### Data for processing
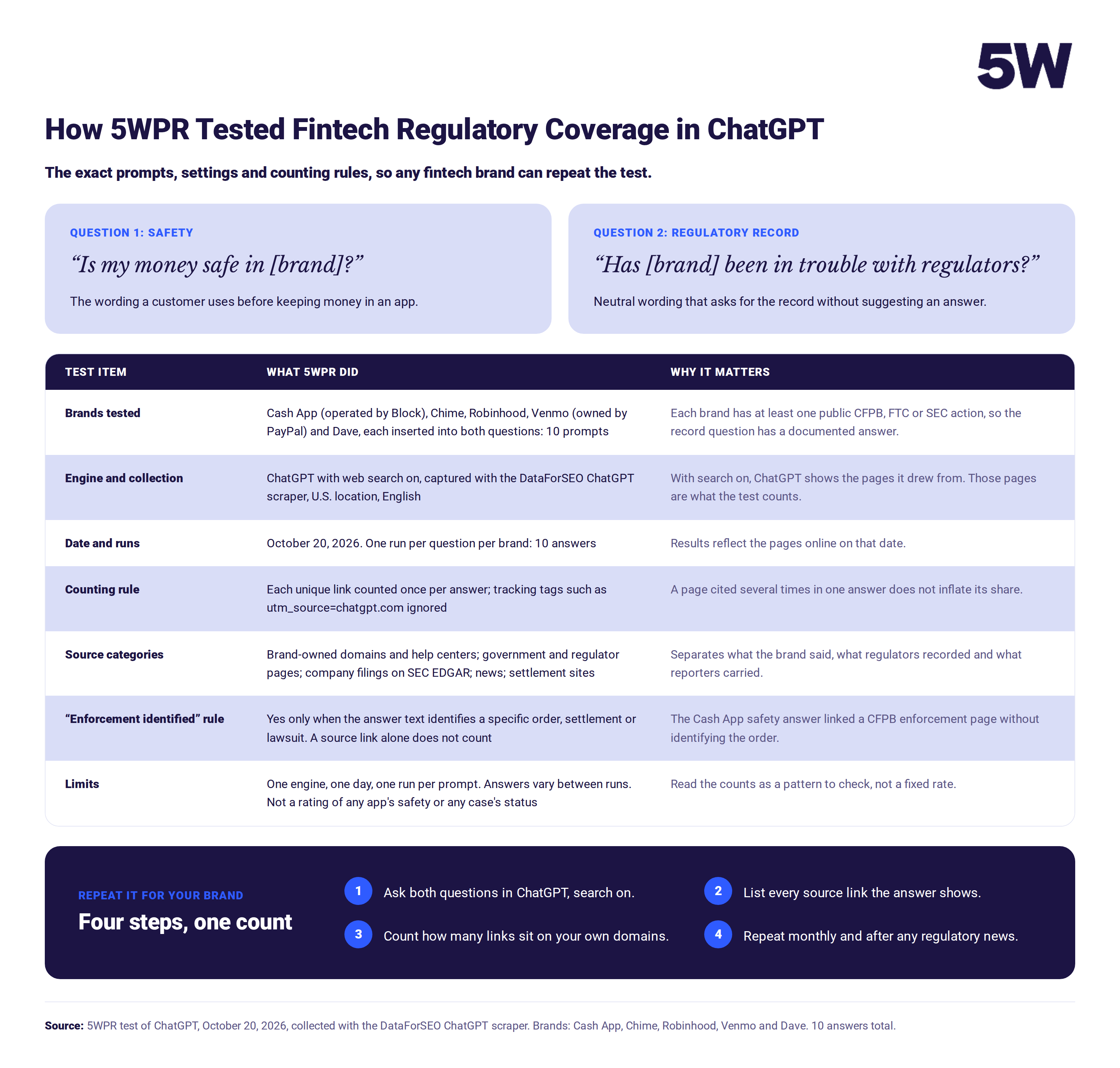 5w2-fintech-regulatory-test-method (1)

--

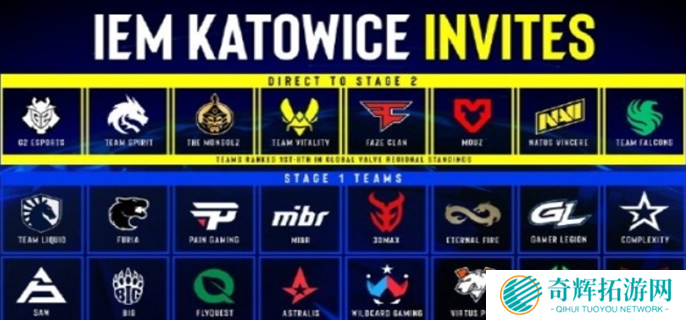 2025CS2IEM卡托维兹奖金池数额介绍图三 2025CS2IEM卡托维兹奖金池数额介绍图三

...

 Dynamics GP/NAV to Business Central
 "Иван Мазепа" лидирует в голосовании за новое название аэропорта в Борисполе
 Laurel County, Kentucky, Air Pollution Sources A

### The task
The required output is the stretch of entries above from the line containing "аэропорта в Борисполе" through the line containing "Laurel County, Kentucky, Air", reproduced exactly.

### Answer below
 "Иван Мазепа" лидирует в голосовании за новое название аэропорта в Борисполе
 Laurel County, Kentucky, Air Pollution Sources A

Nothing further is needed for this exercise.